Come ortodossi, giustamente onoriamo i nostri asceti e eremiti. Onoriamo il modo in cui "lasciano" il mondo per dedicarsi alla preghiera, per imparare a conoscere meglio Dio e per imparare a vivere una vita santa. Ma, a volte parliamo di loro in un modo che sembra dire che sono autosufficienti nella loro separazione dal mondo.

Ma, quando leggete i Padri, non è questo il punto che essi vogliono sottolineare. La prima parte della storia dell'anziano che ho citato all'inizio descrive un asceta come abbiamo spesso rappresentato. L'anziano apparentemente stava facendo tutto correttamente. Mangiava una volta alla settimana; pregava; digiunava; leggeva la Scrittura. Aveva digiunato per settanta settimane, cosa che ricorda le settanta settimane di Daniele.

Dal nostro punto di vista, deve aver raggiunto una grande santità in quel periodo. Dal nostro punto di vista, meritava quasi una risposta da parte di Dio. Dopo tutto, voleva conoscere meglio le Scritture di Dio. Dio non vuole che noi conosciamo le Scritture? Gesù non parlava dell'importanza del digiuno e della preghiera nella nostra vita?

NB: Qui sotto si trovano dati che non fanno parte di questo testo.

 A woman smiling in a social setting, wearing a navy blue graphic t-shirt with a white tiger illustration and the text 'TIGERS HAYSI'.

Ma questo non è ciò che dicono i Padri. L'anziano non ricevette una visita da un angelo fino a quando non seppe che doveva andare al fratello per chiedere aiuto. Fu solo quando riconobbe che aveva bisogno di suo fratello, che Dio fu disposto a rispondergli. Anche l'asceta ha bisogno della Chiesa.

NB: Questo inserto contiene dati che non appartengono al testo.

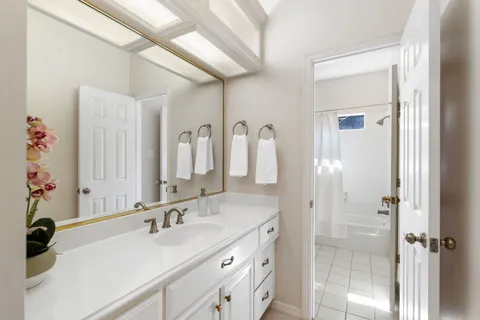 a bathroom with a double vanity sink mirror and double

Io imparo due cose da questa storia. La prima è che ho bisogno della Chiesa. Non posso essere autosufficiente ed essere cristiano. Non posso semplicemente dire che prego Dio e leggo le Scritture, quindi non devo andare in Chiesa e stare con i miei fratelli e sorelle. Senza i miei fratelli e sorelle, Dio non mi benedirà. È solo come parte del Corpo di Cristo che ricevo benedizioni.

Ma la seconda cosa che imparo è che nessuna Scrittura può veramente essere interpretata correttamente da me solo. Ho bisogno dei miei fratelli e sorelle se devo comprendere correttamente la Scrittura. È solo quando la Scrittura viene interpretata dal corpo, che l'angelo di Dio sarà con noi per guidarci alla corretta interpretazione.

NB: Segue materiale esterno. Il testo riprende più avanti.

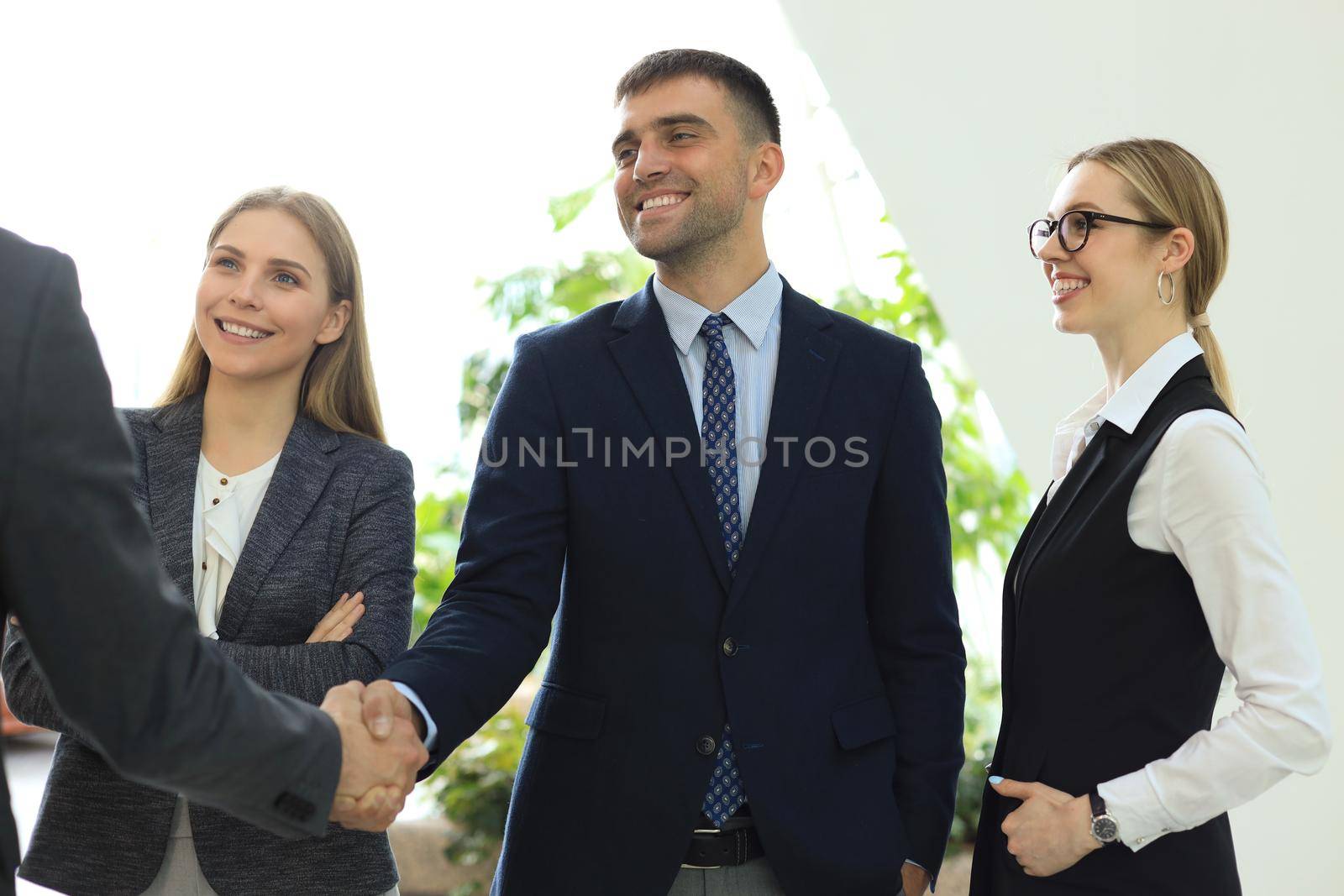 Business people shaking hands, finishing up a meeting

Infine, imparo che è necessaria l'umiltà. Non imparerò veramente da Dio finché non mi umilierò e non mi sottometterò ai miei fratelli e sorelle. Dio abita con gli umili di cuore. Come dice san Paolo agli Efesini, dobbiamo sottometterci gli uni agli altri per sapere qual è la vera volontà di Dio (Efesini 5).